------ MATERIAL FOR THIS TASK

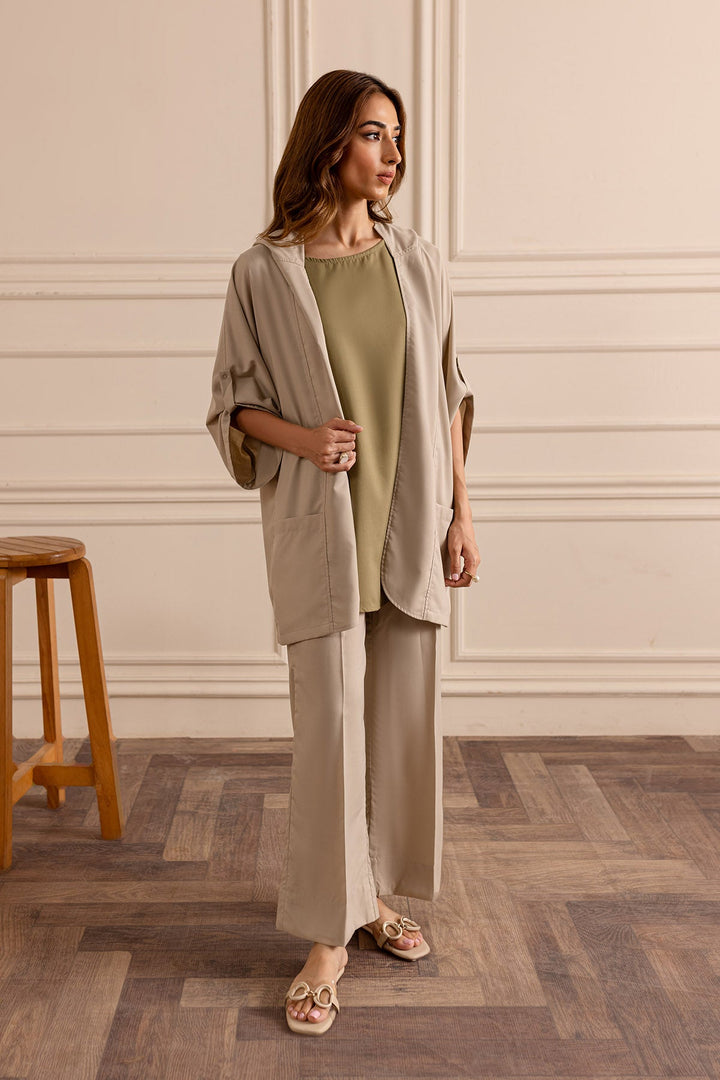 Classic Co Ord Set - 01 - Peach Republic
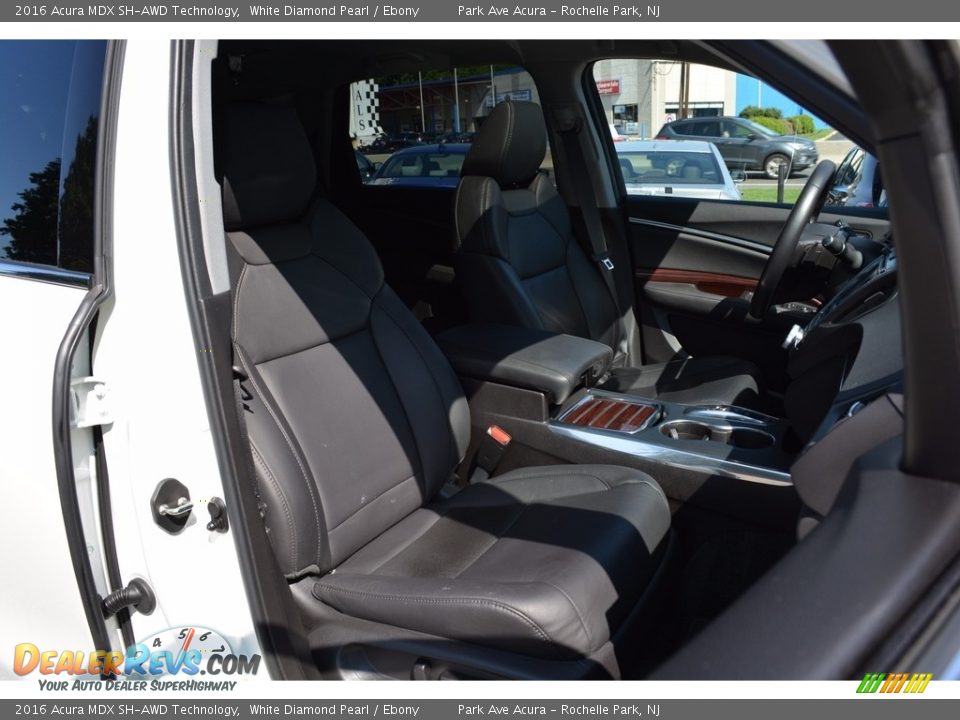 2016 Acura MDX SH-AWD Technology White Diamond Pearl / Ebony Photo #30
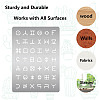 Sign Stainless Steel Metal Cutting Dies Stencils DIY-WH0289-092-6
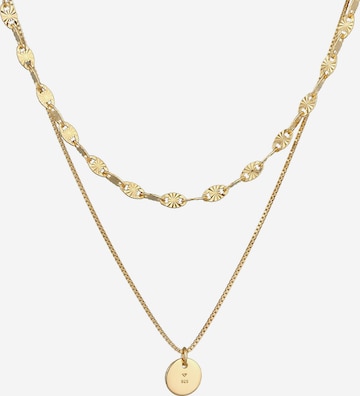 ELLI PREMIUM Ketting 'Valentino' in Goud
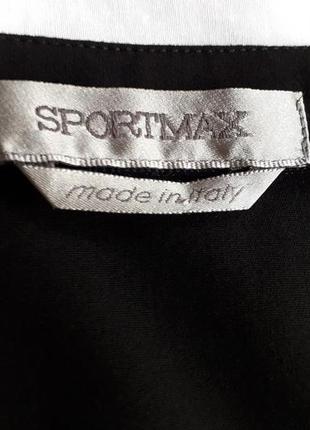 Брендовые вещи! универсальное базовое черное коктейльное платье sportmax (max mara), р. 384 фото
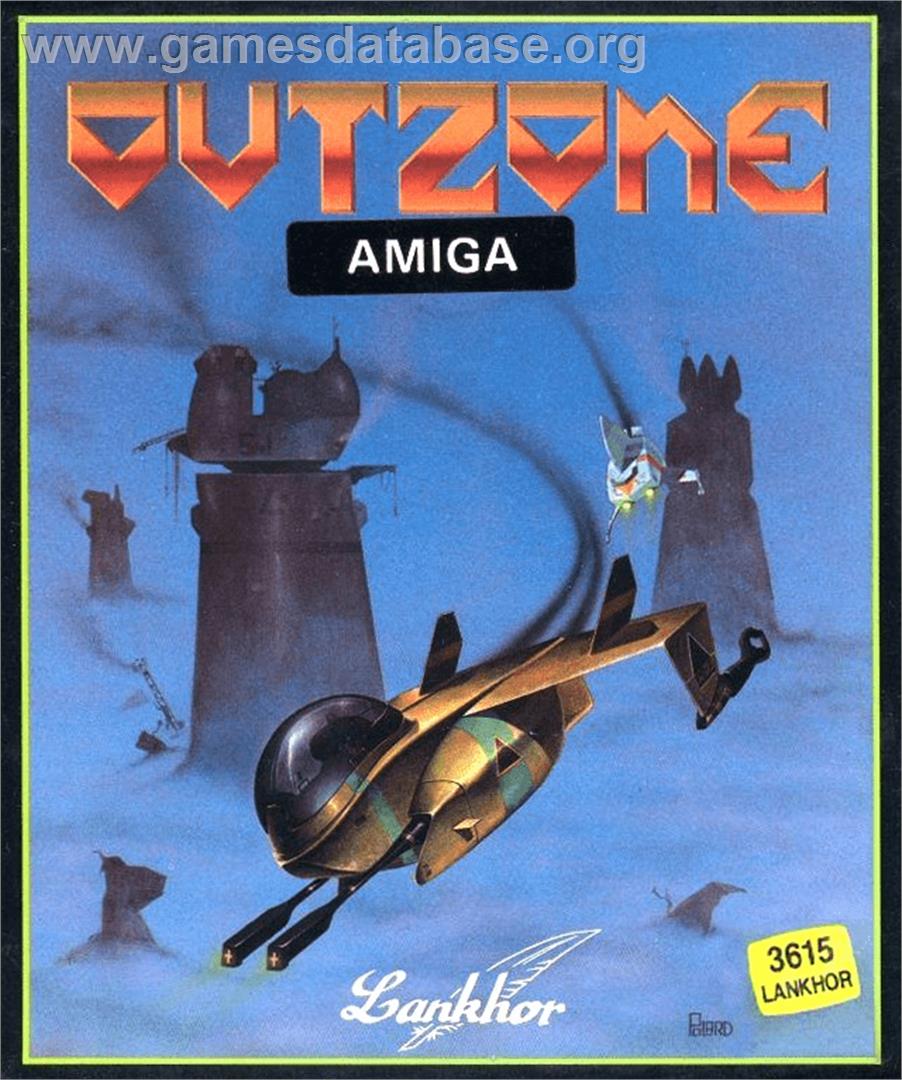 Outzone - Commodore Amiga - Artwork - Box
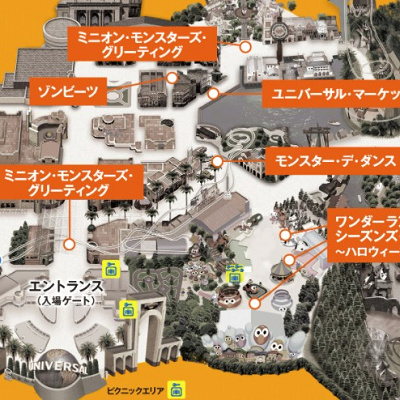 更衣室のマップ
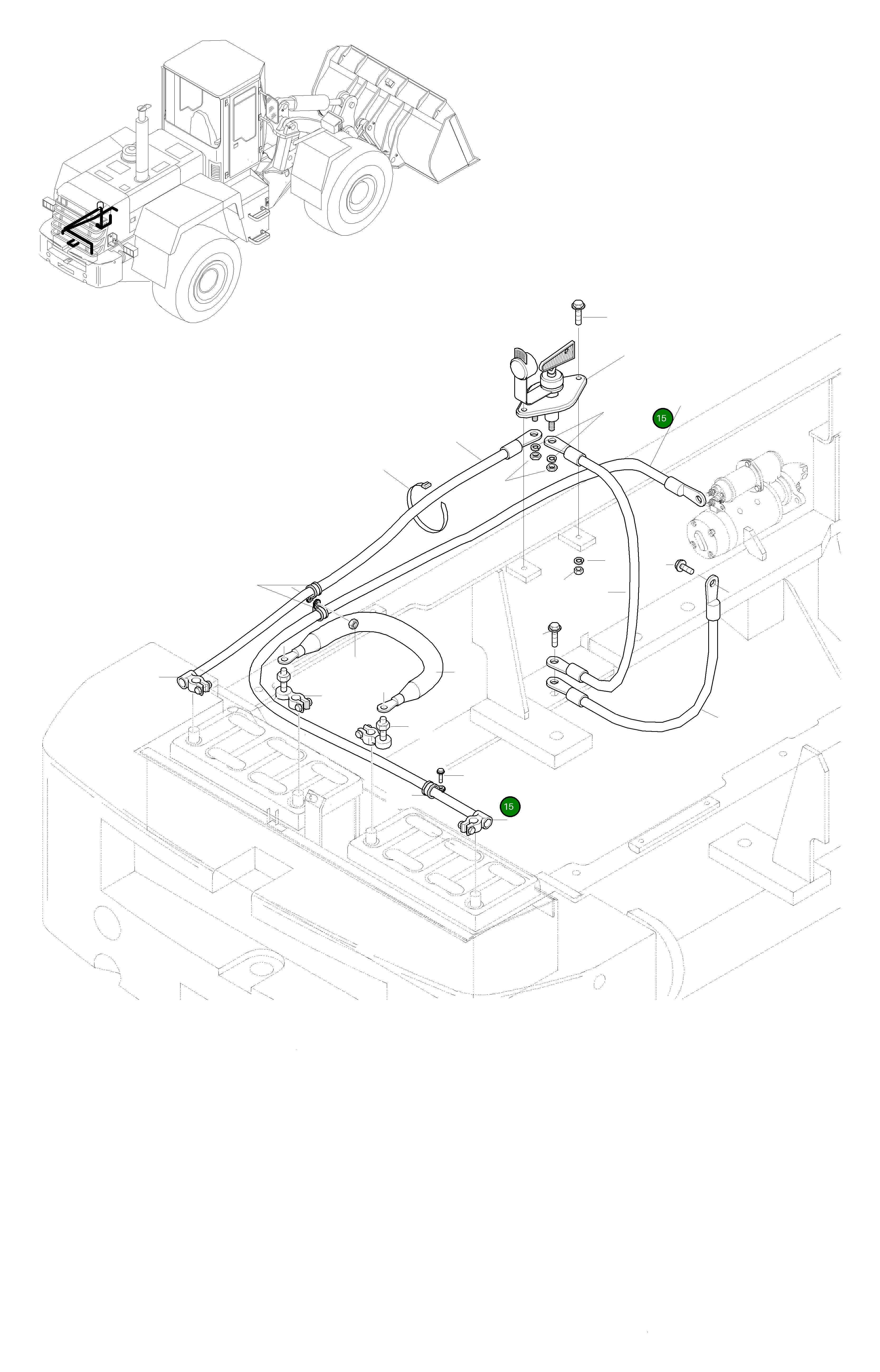 Кабель 42Y-06-H2211 Komatsu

------------

The answer must consist of the entries above, reproduced word for word, without any pictures.

TASK SOLUTION —
 Classic Co Ord Set - 01 - Peach Republic
 2016 Acura MDX SH-AWD Technology White Diamond Pearl / Ebony Photo #30
 Sign Stainless Steel Metal Cutting Dies Stencils DIY-WH0289-092-6
 ELLI PREMIUM Ketting 'Valentino' in Goud
 Брендовые вещи! универсальное базовое черное коктейльное платье sportmax (max mara), р. 384 фото
 Outzone - Commodore Amiga - Artwork - Box
 更衣室のマップ
 Кабель 42Y-06-H2211 Komatsu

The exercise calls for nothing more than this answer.